Washington should establish a new framework, based partly on an old paradigm, for its relations with Moscow

Despite Russia’s decisive rout of the U.S.-trained and equipped Georgian military during the August war in the Caucasus, the crisis that has pitted the United States against Russia has not ended. Instead, it is entering a protracted second round, with the gravest potential consequences. On September 3 the White House pledged to “deepen trade and investment ties with Georgia,” and announced a “multiyear commitment of $1 billion in support of Georgia’s economic and recovery needs.” Contrary to what one might expect of such supposedly benign succor, the U.S. has been delivering this support via the warships of the Sixth Fleet, which have docked in Batumi and the port of Poti—an area which was, until September 13, occupied by Russia. On September 4, Vice President Dick Cheney, in Tbilisi for a meeting with Georgian President Mikheil Saakahsvili, denounced Russia’s “illegitimate, unilateral attempt” to forcibly alter Georgia’s borders. He also affirmed that the United States remains “fully committed” to Georgia’s induction into NATO, and called on “the free world to rally to the side of Georgia.” Cheney was echoing the rhetoric of confrontation that Secretary of State Condoleezza Rice had delivered the previous evening: "The free world cannot allow the destiny of a small independent country to be determined by the aggression of a larger neighbor."

Both Cheney and Rice persist in misrepresenting the Georgia war as having been instigated by Russia.
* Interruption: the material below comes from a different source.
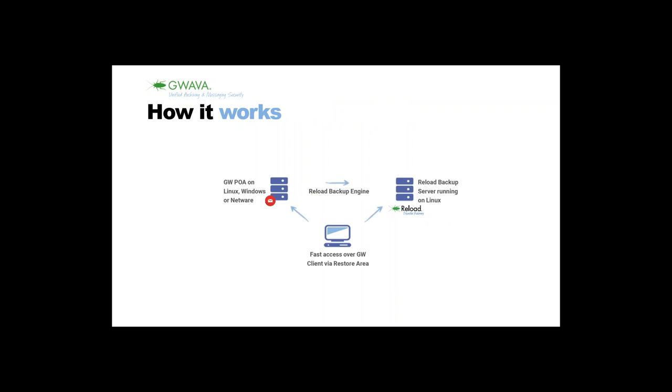This is the usual scenario. On the left side you see a GroupWise server, could be running on Linux, Windows or NetWare. On the right side you have a Reload machine, which should be running on Linux, mostly Suse Linux Enterprise Server. The Reload Backup engine will create backups from the GroupWise server on the fly. There's no need to bring down your post office. The user from his desktop can just use the GroupWise client, and in case he needs to restore a single item, he can use the File Open Backup feature.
This is no mere matter of forensic posturing. Just who fired the first shot bears crucially on what American policy toward Georgia should now be, since eligibility for NATO accession should, at least in theory, stem from a prospective member state’s demonstrated ability to conduct sober foreign and defense policies. The colossal error Saakashvili committed when he attacked South Ossetia (and the Russian forces stationed there) proves that he lacks the sangfroid, judgment, and sagacity needed to govern a country in a volatile region bordering Russia. He certainly deserves no billion-dollar reward from his American sponsors for having so heedlessly brought the roof down on himself and his compatriots.

It will take years to rebuild the Georgian armed forces, which Russia largely destroyed in a few days. White House, State Department, and Pentagon officials have stressed that no decision has been made regarding further weapons shipments to Georgia. But Admiral Mike Mullen, chairman of the Joint Chiefs of Staff, has reaffirmed the U.S. military’s commitment to the country. This, despite the damning evidence that has emerged concerning just how the armed forces performed under Saakashvili’s command during the war. An article published on September 2 by the New York Times describes how the Georgian military reacted to the Russian blitz it provoked by shelling and then invading South Ossetia.

Georgia’s Army fled ahead of the Russian Army’s advance, turning its back and leaving Georgian civilians in an enemy’s path. Its planes did not fly after the first few hours of contact. Its navy was sunk in the harbor, and its patrol boats were hauled away by Russian trucks on trailers.

The David-and-Goliath metaphor now so often applied in describing the Russia-Georgia conflict has merit only if David chooses to stand and fight, not if he drops his slingshot and bungles his way through an ignominious retreat. There were, as far as we know, no valiant Georgian last stands against the Russians; rather, satellite television reports showed the Georgian military and police hightailing it to the relative safety of Tbilisi. Georgia, in any case, indisputably lost the war within twenty-four hours and started suing for peace. No surprise there: the numerical disparity between Russian and Georgian forces (more than ten to one in regular infantry troops alone) makes different outcomes tough to imagine – something Saakashvili should have pondered before shelling Tskhinvali.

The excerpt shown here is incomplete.